When ruin enters your life, say hello. She is not a monster, though she is often perceived as such. Poor ruin is not used to receiving a warm welcome, and while a warm welcome might be a stretch, at least make her a cup of tea, she’s here to teach us something.
Here's the thing, almost everything I have defined myself by has changed in the last year. Partner, student, friend; changed. Places and people I took comfort in have shifted. Often these days it feels like the only thing that hasn't changed is my own skin, but of course, that’s changed too.
I say ruin is a verb because surrendering to ruin, letting myself be ruined, has been an act of daily faith. Not trying to claw my way out sideways, deeply surrendering to the shift of life.
Ruin is a verb because letting go of what was takes effort, and time. It’s amazing how something ends, but we hang onto it for months, days, lifetimes. I don’t mean hanging on as in missing someone with tenderness, or thinking of fond memories, that's human, I mean hanging on as in grasping and clinging in resistance to the present moment, but of course, that's also human.

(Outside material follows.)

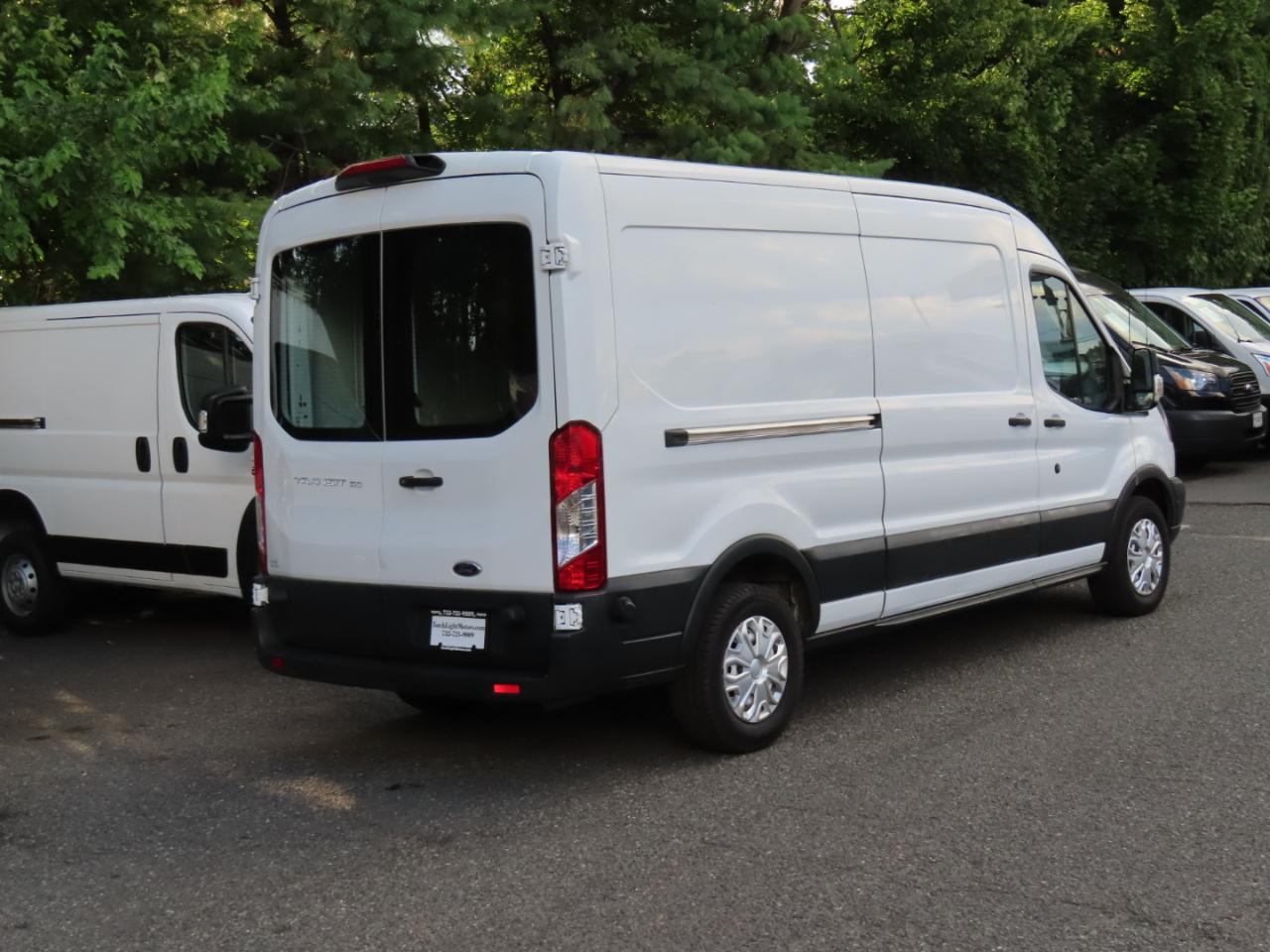 Ford Transit 150 Van Med. Roof w/Sliding Pass. 148-in. WB 2018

Like adding one bead on a necklace and then another, my past six months have been made up moment by moment of surrender.
Ruin is a verb because she works through us. Like water carving a cave over decades, ruin shapes our hearts over time. She is both gentle and fierce, requiring anything that isn't a necessity to be dropped. Letting ruin work through me, I’ve efforted non effort in the past 6 months, my busy mind hates it.
Ruin is a verb because she opens us. The act of taking what was once closed, a lid, a heart, a mind, takes action. Opening to new layers of myself has taken attention and kindness.
Letting ruin work through me, I realize she is the blessing, and I the humble student.
Letting ruin work through me, I realize she works through all of life, hoping we’ll answer her call to break open.